#### WHAT IS NEEDED
Leaving pictures aside, restate exactly the lines of the data below, from the first one through the line that contains "José Mourinho, durante".

======== INFORMATION ========

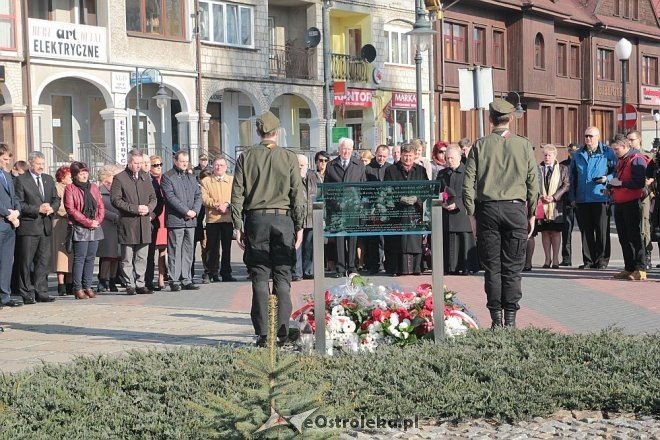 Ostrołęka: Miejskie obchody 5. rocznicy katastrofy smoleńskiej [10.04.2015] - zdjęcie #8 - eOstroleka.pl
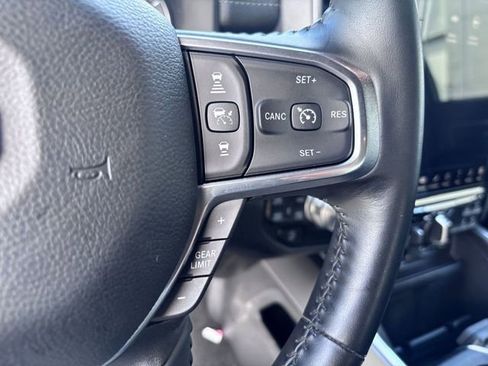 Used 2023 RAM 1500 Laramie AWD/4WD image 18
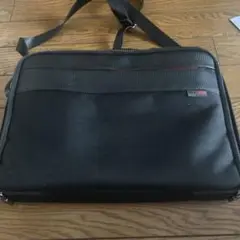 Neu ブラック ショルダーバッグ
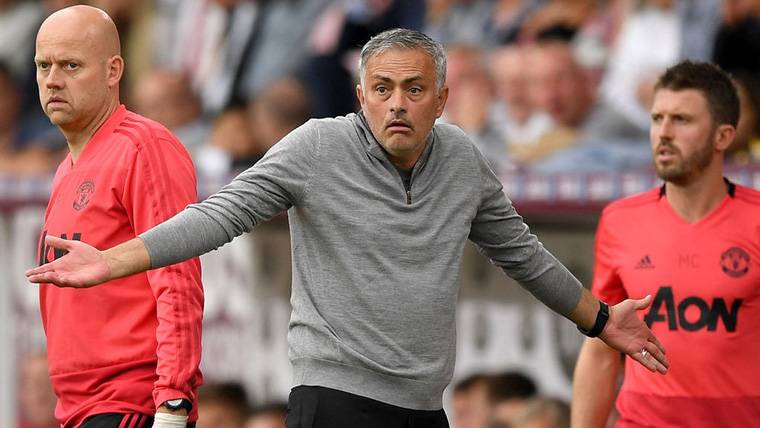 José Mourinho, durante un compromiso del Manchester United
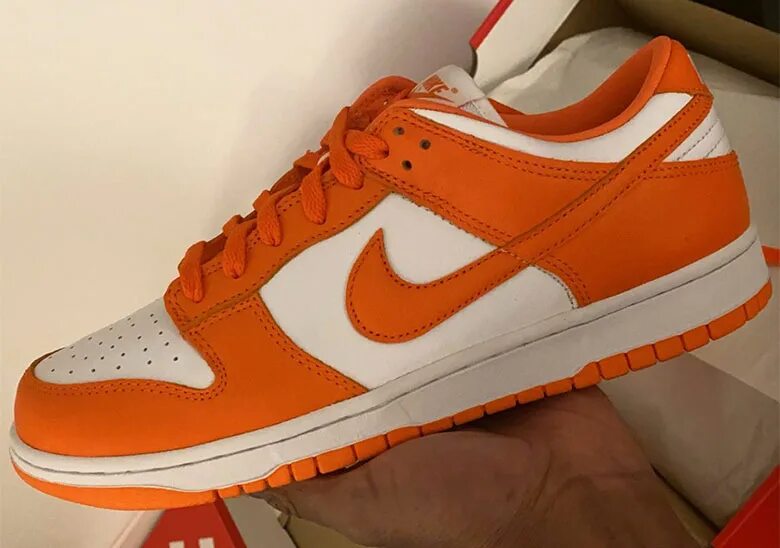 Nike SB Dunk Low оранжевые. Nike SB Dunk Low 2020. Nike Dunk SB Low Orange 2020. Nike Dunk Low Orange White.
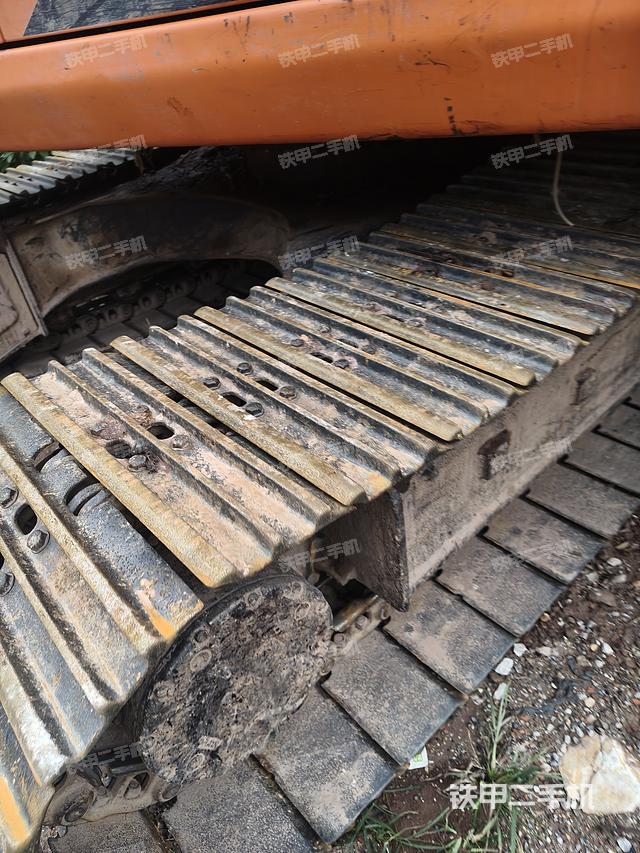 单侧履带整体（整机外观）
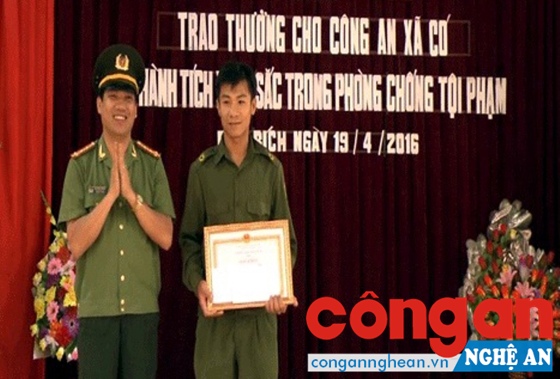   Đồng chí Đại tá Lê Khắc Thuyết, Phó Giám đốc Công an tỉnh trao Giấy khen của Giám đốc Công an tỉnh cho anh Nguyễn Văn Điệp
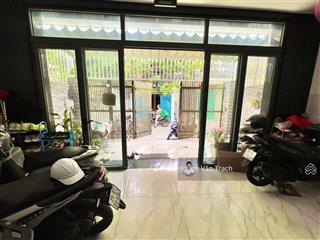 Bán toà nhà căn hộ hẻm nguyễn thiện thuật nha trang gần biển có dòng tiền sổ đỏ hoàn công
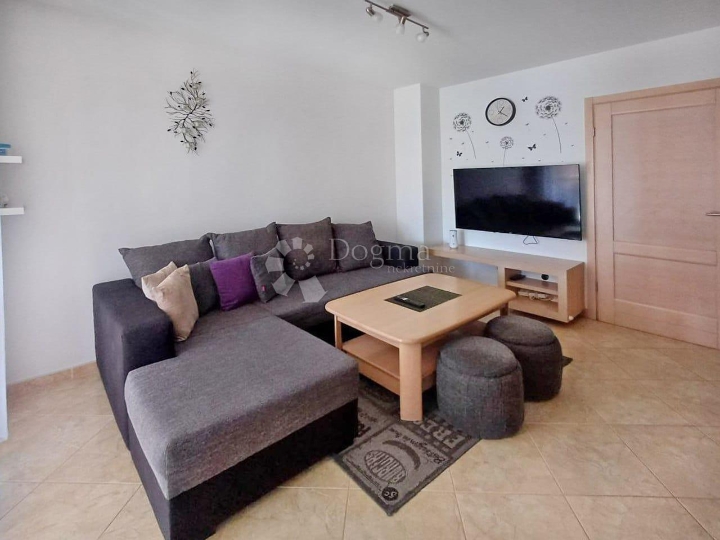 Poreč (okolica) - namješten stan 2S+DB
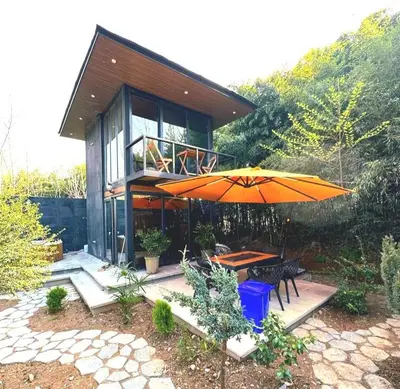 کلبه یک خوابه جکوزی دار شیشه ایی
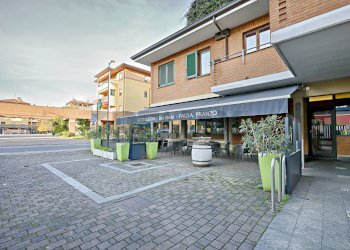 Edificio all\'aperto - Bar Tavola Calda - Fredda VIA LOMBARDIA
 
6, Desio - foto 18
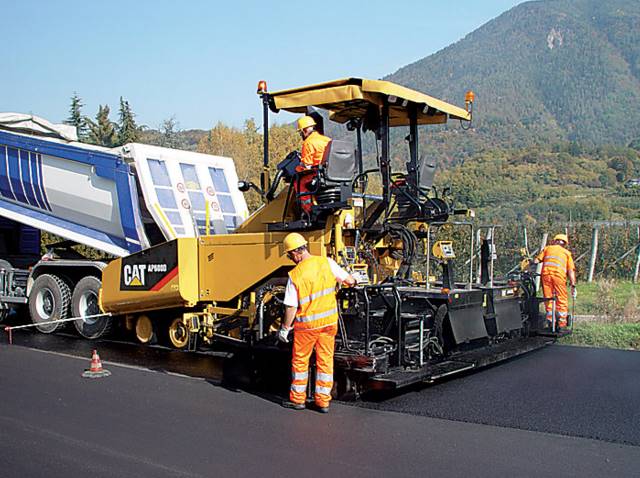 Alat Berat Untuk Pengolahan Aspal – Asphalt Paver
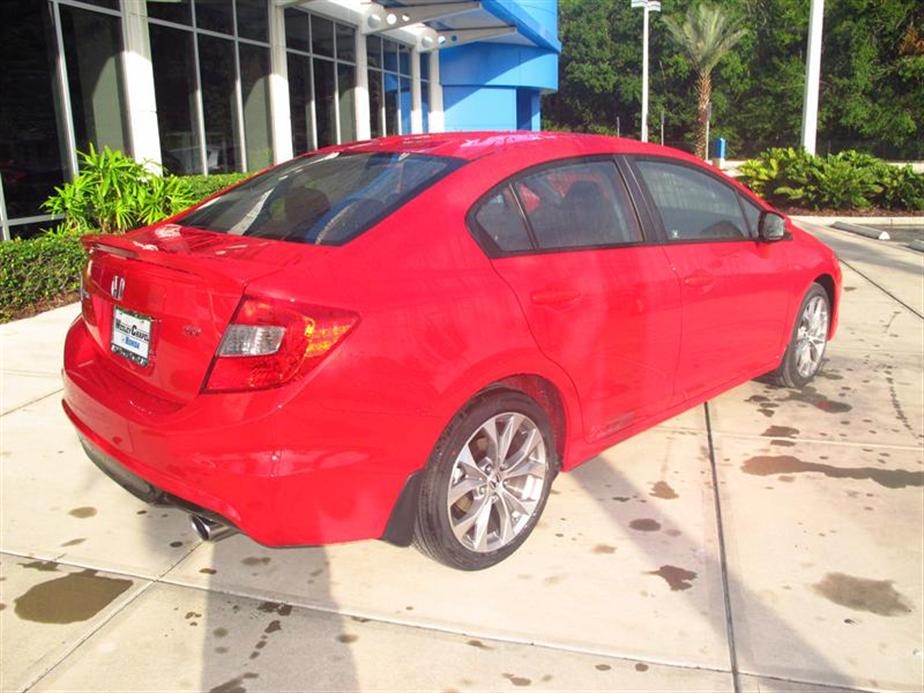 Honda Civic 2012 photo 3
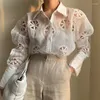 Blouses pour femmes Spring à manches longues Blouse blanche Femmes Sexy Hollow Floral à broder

========

#### RESULT OF THIS EXERCISE
 Ostrołęka: Miejskie obchody 5. rocznicy katastrofy smoleńskiej [10.04.2015] - zdjęcie #8 - eOstroleka.pl
 Used 2023 RAM 1500 Laramie AWD/4WD image 18
 Neu ブラック ショルダーバッグ
 José Mourinho, durante un compromiso del Manchester United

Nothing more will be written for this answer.